THE TASK.
In the data below, the copy begins at the line containing "Toyota Aygo Hatchback 1,5 l 85 kw" and runs through the last line; repeat those lines exactly, minus the pictures.

PROVIDED DATA.

::::

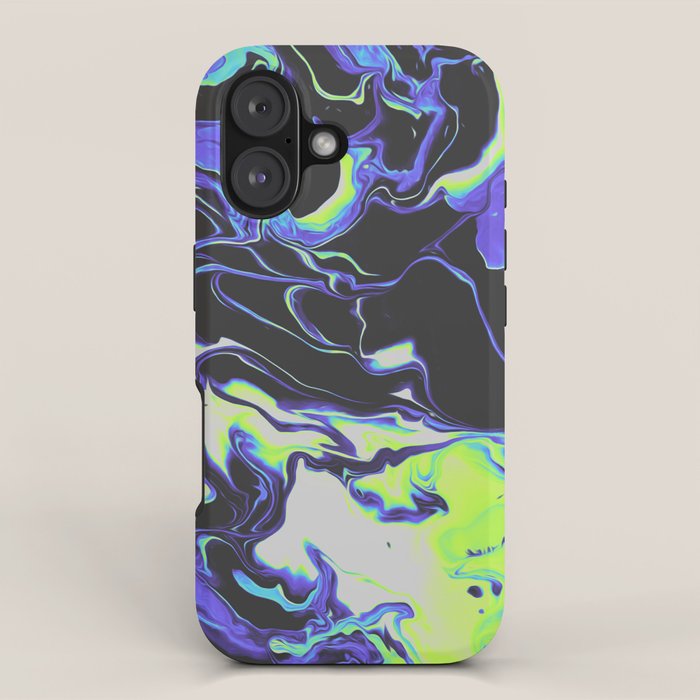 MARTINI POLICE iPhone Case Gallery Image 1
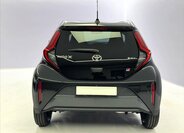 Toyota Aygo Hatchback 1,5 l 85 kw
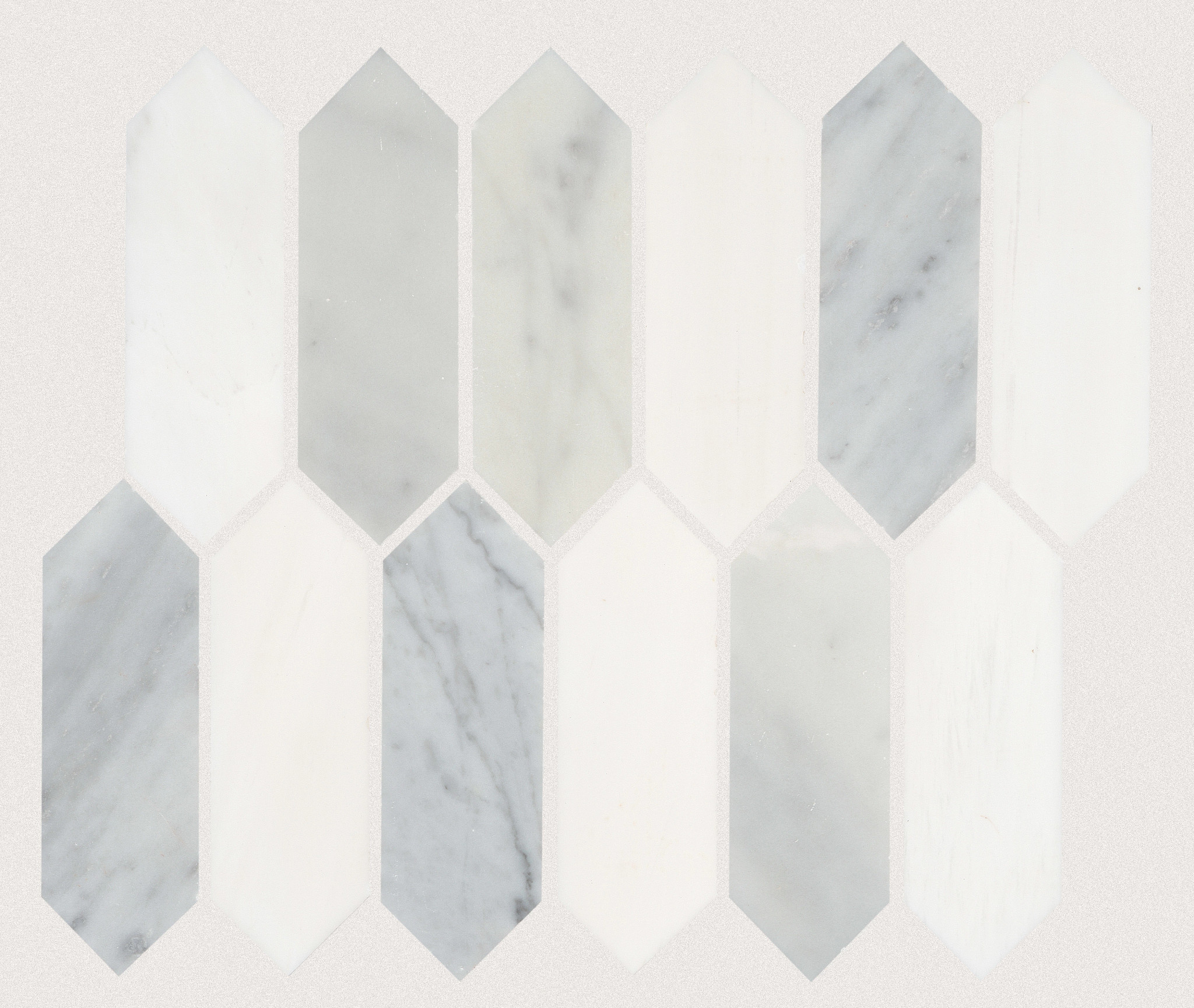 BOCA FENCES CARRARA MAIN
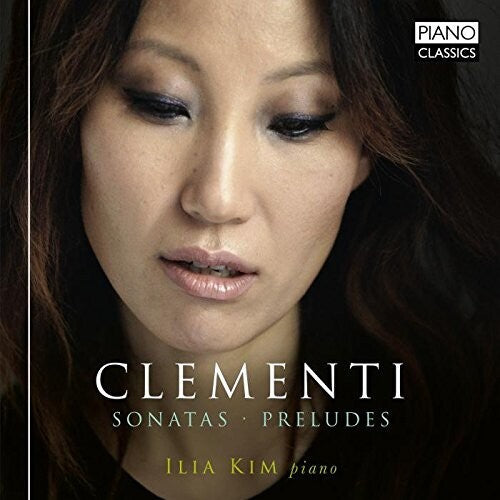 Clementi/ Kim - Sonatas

::::

ANSWER TO THIS PROBLEM.
 Toyota Aygo Hatchback 1,5 l 85 kw
 BOCA FENCES CARRARA MAIN
 Clementi/ Kim - Sonatas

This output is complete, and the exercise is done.